Rising interest rates have put pressure on homeowners, with 87,930 in arrears said UK Finance, up 18% compared with July to September last year.
Among landlords, the number in arrears doubled in a year.
Home repossessions are rare, but lenders and charities urge people to act early when facing trouble.
Despite the sharp rise in mortgages in arrears, the number where payments have fallen behind still represent just 1% of the 8.8 million outstanding mortgages, trade body UK Finance said.
That will come as a relief during a period of tough cost-of-living pressures and steadily rising interest rates.

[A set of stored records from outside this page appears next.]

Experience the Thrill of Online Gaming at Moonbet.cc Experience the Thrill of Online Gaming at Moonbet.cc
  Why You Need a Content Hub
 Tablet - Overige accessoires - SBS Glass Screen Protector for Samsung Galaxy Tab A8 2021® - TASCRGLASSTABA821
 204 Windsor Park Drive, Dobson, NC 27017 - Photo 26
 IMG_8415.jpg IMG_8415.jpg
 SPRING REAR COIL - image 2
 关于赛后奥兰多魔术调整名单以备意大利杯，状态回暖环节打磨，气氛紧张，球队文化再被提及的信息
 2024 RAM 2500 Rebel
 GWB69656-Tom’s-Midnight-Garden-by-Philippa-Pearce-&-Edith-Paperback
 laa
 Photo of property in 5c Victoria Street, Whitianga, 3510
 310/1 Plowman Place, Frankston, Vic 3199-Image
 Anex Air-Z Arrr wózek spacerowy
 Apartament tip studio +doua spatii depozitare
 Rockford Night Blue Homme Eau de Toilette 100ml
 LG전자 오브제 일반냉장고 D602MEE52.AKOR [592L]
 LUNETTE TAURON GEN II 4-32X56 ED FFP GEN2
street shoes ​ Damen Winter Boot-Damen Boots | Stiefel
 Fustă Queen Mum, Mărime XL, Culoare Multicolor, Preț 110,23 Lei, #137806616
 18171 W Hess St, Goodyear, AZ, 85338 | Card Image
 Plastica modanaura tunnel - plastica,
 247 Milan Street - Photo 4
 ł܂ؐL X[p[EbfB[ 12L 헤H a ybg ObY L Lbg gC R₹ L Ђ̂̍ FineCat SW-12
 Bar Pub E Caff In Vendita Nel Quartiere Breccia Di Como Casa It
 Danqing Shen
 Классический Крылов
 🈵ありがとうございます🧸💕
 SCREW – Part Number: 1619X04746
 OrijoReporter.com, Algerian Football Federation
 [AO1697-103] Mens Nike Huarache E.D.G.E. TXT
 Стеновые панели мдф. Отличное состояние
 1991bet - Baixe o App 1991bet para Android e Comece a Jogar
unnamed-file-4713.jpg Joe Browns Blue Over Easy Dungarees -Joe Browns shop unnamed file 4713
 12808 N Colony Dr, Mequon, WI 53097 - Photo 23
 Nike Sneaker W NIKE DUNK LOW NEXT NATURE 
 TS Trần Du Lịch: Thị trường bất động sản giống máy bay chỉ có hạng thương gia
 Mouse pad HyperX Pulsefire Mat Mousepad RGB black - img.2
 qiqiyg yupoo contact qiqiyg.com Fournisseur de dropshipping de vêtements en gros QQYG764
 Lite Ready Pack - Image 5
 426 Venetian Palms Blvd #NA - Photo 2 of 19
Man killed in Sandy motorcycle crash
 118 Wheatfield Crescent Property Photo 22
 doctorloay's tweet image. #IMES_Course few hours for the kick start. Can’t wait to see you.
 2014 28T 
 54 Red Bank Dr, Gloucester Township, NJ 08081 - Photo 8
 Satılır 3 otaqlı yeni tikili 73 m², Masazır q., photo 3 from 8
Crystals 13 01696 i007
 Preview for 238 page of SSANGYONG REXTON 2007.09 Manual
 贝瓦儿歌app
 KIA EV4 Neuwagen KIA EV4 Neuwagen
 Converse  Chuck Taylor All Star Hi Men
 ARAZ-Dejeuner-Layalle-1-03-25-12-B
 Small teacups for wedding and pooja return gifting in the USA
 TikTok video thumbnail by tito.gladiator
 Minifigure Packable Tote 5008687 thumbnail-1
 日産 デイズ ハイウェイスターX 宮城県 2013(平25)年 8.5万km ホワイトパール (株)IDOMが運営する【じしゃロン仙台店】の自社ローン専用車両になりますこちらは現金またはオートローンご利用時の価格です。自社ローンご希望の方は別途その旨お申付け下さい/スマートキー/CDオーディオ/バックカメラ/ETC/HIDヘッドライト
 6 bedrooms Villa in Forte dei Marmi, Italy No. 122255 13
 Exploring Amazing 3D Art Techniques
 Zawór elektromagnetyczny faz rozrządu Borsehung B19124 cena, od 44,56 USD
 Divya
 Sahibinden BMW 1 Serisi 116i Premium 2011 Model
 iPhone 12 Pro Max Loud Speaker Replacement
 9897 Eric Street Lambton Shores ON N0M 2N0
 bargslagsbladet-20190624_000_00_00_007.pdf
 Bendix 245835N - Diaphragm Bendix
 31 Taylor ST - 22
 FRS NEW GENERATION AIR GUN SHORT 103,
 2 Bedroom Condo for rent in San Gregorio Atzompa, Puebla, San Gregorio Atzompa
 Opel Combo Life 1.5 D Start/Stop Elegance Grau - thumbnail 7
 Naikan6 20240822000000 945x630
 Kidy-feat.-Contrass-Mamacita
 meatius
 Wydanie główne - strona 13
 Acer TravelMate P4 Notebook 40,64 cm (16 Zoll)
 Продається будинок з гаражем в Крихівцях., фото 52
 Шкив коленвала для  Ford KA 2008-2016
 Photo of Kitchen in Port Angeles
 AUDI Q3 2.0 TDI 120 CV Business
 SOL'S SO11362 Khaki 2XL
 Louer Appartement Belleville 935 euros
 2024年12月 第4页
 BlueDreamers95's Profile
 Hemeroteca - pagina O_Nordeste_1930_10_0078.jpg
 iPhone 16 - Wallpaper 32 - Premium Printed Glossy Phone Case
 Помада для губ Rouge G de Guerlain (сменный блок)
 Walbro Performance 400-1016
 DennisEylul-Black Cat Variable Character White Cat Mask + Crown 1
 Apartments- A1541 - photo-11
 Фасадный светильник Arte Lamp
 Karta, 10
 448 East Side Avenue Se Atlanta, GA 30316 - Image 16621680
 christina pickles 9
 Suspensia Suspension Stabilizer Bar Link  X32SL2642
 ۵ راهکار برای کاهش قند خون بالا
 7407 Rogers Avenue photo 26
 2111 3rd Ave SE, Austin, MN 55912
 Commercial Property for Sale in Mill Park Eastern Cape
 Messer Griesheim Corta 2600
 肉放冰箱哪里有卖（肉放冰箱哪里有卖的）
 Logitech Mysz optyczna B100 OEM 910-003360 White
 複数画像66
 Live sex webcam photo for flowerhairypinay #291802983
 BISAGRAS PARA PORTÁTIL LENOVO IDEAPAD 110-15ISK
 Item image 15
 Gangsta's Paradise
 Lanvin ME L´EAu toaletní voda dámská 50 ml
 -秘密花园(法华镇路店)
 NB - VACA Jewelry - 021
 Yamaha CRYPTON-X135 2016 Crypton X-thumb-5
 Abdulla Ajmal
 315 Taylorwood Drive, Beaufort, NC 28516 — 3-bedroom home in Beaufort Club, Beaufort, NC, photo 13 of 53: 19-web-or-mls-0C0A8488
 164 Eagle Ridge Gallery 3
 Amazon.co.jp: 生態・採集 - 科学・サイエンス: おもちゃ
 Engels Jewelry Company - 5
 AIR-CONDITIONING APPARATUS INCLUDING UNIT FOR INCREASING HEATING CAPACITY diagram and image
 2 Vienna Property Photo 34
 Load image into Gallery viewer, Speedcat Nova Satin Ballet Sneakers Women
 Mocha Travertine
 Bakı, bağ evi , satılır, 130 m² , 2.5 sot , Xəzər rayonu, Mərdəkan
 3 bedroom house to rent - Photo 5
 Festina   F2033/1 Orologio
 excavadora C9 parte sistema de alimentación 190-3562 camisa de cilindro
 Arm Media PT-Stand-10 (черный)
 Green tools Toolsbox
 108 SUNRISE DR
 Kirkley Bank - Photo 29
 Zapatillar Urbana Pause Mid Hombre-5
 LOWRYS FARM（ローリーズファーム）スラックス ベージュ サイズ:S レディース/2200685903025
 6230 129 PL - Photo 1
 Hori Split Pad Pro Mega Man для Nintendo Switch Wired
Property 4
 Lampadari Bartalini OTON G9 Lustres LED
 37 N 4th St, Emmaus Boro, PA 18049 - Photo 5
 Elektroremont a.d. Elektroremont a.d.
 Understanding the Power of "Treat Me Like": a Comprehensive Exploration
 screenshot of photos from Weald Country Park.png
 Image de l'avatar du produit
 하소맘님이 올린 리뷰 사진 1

However, homeowners tend to prioritise their mortgage repayments, sometimes leaving them unable to pay other bills. Such circumstances are masked by these figures.
But there has now been a relatively sharp rise in arrears, as the pressure gets more intense and fixed mortgage deals expire and are replaced by more expensive loans. An estimated 1.6 million deals will expire next year, with the vast majority rolling onto much higher rates of interest.
The number of homeowners in arrears was up 7% in July to September compared with the previous quarter, UK Finance said.
One 79-year-old homeowners said that he had cut back on other costs as much as he could, but was only able to pay part of his mortgage bill each month.
“The anxiety is affecting my health,” he said, claiming that he had received slow responses when highlighting the issue to his lender.